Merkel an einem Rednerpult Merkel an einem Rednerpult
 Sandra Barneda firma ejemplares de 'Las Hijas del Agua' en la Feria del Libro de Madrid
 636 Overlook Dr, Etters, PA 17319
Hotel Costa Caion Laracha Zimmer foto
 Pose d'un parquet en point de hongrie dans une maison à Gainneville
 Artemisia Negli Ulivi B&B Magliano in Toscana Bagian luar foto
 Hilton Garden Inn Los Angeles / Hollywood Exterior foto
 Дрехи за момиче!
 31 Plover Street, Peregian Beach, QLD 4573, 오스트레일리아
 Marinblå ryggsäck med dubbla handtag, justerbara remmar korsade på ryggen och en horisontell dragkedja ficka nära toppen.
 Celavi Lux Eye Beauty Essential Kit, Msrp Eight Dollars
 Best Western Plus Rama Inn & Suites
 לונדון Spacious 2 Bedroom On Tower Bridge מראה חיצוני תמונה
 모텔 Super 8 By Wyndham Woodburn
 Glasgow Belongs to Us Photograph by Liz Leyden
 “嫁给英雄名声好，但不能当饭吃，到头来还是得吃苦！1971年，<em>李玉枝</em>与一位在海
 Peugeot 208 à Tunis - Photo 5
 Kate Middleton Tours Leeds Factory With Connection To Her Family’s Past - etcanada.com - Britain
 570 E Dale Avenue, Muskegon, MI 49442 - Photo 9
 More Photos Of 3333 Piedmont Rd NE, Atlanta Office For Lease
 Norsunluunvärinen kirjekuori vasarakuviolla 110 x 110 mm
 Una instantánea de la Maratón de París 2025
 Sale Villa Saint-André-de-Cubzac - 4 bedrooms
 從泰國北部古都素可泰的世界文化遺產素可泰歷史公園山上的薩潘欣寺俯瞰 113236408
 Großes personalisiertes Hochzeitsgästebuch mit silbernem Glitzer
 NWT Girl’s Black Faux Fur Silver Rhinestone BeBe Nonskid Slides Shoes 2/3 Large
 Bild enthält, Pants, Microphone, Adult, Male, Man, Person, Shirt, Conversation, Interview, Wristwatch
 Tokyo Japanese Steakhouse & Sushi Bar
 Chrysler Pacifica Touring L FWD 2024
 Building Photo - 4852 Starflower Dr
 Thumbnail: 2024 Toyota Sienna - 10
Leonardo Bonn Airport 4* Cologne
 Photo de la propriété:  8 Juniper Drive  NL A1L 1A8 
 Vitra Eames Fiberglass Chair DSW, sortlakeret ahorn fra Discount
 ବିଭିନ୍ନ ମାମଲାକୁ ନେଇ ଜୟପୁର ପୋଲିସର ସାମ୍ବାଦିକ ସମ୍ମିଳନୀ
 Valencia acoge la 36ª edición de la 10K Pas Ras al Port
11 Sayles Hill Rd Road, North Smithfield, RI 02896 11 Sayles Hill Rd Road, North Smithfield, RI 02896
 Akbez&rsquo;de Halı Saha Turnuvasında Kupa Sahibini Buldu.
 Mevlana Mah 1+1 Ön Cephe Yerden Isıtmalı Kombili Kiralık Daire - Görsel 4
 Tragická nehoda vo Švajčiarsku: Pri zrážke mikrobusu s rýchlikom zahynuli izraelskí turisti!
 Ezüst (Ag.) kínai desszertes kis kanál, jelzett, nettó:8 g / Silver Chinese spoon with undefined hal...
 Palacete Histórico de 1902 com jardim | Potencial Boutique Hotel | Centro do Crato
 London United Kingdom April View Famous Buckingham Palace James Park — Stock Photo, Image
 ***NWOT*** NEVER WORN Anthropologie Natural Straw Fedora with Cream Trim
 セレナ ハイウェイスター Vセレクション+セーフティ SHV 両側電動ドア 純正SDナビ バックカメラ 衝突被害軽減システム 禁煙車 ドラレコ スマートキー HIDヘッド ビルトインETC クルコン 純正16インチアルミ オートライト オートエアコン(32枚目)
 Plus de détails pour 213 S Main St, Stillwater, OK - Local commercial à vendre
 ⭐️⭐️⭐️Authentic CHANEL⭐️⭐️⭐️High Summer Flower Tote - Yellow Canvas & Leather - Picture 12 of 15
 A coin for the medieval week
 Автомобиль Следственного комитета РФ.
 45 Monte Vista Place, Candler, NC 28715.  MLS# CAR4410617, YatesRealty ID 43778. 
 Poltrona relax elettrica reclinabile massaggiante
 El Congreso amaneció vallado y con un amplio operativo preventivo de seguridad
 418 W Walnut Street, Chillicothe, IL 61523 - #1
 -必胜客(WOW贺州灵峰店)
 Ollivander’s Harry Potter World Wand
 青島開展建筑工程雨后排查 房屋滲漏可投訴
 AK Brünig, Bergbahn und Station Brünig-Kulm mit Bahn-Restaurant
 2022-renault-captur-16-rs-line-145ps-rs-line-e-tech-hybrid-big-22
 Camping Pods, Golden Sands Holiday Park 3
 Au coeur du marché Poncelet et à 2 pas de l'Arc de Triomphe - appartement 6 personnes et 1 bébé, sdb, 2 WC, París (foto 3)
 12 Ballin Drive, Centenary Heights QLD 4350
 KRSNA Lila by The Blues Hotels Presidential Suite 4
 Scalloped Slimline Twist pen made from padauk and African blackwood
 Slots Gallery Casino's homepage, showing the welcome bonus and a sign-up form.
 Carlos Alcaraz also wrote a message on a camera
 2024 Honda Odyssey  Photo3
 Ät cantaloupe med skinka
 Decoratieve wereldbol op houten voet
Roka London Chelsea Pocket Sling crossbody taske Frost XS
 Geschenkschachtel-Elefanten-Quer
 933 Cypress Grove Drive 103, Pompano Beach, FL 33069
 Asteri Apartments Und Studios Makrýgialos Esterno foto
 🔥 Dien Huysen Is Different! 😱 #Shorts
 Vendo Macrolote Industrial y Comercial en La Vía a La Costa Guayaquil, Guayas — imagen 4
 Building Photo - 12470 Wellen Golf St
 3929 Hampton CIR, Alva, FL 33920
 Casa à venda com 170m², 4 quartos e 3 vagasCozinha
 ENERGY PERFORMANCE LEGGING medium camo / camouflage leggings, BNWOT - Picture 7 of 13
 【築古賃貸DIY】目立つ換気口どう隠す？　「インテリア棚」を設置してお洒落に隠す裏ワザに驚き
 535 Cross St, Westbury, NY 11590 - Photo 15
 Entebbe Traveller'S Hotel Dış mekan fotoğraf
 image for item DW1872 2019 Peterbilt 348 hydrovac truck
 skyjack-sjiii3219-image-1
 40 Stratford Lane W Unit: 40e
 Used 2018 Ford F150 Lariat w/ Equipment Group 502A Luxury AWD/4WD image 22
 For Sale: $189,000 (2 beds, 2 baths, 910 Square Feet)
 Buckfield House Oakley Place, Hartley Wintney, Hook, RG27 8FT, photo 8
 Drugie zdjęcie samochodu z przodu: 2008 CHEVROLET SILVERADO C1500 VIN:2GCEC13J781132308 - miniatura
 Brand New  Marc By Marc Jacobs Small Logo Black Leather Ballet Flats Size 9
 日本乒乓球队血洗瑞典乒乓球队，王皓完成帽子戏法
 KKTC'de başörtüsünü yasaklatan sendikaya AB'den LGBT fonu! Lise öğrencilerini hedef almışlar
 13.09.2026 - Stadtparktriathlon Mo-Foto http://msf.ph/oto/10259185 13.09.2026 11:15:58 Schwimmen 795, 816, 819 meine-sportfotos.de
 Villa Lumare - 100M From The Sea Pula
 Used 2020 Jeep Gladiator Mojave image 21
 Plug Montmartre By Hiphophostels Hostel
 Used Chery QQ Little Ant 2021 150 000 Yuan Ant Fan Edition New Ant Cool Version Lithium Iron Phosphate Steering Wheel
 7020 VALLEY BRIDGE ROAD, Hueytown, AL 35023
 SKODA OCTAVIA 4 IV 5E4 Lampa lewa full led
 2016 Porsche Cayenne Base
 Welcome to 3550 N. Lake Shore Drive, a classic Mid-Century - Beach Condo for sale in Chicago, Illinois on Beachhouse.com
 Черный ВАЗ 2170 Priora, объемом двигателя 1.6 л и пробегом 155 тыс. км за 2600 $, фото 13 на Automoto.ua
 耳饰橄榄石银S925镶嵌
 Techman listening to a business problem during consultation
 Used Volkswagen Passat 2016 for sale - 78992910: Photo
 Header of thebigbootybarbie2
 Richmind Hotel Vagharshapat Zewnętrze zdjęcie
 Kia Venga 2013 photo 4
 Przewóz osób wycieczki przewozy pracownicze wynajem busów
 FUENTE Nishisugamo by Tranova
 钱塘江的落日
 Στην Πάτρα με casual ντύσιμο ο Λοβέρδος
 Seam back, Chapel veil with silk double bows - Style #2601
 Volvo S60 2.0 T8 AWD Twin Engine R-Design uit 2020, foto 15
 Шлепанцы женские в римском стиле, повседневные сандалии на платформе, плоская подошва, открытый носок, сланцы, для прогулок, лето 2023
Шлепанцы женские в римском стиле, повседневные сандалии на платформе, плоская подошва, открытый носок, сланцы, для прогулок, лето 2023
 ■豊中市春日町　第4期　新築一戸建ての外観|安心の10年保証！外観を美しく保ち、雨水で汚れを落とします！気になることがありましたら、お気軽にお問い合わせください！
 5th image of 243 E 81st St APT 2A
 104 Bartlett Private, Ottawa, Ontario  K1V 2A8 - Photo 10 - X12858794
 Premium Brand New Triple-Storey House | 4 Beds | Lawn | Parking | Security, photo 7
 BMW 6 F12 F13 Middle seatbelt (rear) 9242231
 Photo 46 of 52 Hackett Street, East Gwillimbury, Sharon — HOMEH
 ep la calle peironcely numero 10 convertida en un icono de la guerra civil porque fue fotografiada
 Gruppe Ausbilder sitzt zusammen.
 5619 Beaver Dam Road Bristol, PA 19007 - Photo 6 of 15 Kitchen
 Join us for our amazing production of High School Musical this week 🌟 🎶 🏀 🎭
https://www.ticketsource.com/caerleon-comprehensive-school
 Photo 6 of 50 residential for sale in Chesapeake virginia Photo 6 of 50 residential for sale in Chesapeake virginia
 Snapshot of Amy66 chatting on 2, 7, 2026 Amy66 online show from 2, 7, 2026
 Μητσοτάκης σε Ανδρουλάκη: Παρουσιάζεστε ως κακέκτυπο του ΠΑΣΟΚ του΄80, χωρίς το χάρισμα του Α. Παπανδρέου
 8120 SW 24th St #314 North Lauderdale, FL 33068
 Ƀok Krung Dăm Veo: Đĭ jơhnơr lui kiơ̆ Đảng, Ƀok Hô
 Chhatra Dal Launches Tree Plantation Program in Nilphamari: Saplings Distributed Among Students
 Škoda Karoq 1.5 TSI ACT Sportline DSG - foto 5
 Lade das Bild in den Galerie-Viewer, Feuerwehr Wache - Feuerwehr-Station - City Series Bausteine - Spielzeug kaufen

# PROBLEM
Copy the entries word for word. Start at the first line and end with the line containing "Valencia acoge la".

# ANSWER TO THIS EXERCISE
Merkel an einem Rednerpult Merkel an einem Rednerpult
 Sandra Barneda firma ejemplares de 'Las Hijas del Agua' en la Feria del Libro de Madrid
 636 Overlook Dr, Etters, PA 17319
Hotel Costa Caion Laracha Zimmer foto
 Pose d'un parquet en point de hongrie dans une maison à Gainneville
 Artemisia Negli Ulivi B&B Magliano in Toscana Bagian luar foto
 Hilton Garden Inn Los Angeles / Hollywood Exterior foto
 Дрехи за момиче!
 31 Plover Street, Peregian Beach, QLD 4573, 오스트레일리아
 Marinblå ryggsäck med dubbla handtag, justerbara remmar korsade på ryggen och en horisontell dragkedja ficka nära toppen.
 Celavi Lux Eye Beauty Essential Kit, Msrp Eight Dollars
 Best Western Plus Rama Inn & Suites
 לונדון Spacious 2 Bedroom On Tower Bridge מראה חיצוני תמונה
 모텔 Super 8 By Wyndham Woodburn
 Glasgow Belongs to Us Photograph by Liz Leyden
 “嫁给英雄名声好，但不能当饭吃，到头来还是得吃苦！1971年，<em>李玉枝</em>与一位在海
 Peugeot 208 à Tunis - Photo 5
 Kate Middleton Tours Leeds Factory With Connection To Her Family’s Past - etcanada.com - Britain
 570 E Dale Avenue, Muskegon, MI 49442 - Photo 9
 More Photos Of 3333 Piedmont Rd NE, Atlanta Office For Lease
 Norsunluunvärinen kirjekuori vasarakuviolla 110 x 110 mm
 Una instantánea de la Maratón de París 2025
 Sale Villa Saint-André-de-Cubzac - 4 bedrooms
 從泰國北部古都素可泰的世界文化遺產素可泰歷史公園山上的薩潘欣寺俯瞰 113236408
 Großes personalisiertes Hochzeitsgästebuch mit silbernem Glitzer
 NWT Girl’s Black Faux Fur Silver Rhinestone BeBe Nonskid Slides Shoes 2/3 Large
 Bild enthält, Pants, Microphone, Adult, Male, Man, Person, Shirt, Conversation, Interview, Wristwatch
 Tokyo Japanese Steakhouse & Sushi Bar
 Chrysler Pacifica Touring L FWD 2024
 Building Photo - 4852 Starflower Dr
 Thumbnail: 2024 Toyota Sienna - 10
Leonardo Bonn Airport 4* Cologne
 Photo de la propriété:  8 Juniper Drive  NL A1L 1A8 
 Vitra Eames Fiberglass Chair DSW, sortlakeret ahorn fra Discount
 ବିଭିନ୍ନ ମାମଲାକୁ ନେଇ ଜୟପୁର ପୋଲିସର ସାମ୍ବାଦିକ ସମ୍ମିଳନୀ
 Valencia acoge la 36ª edición de la 10K Pas Ras al Port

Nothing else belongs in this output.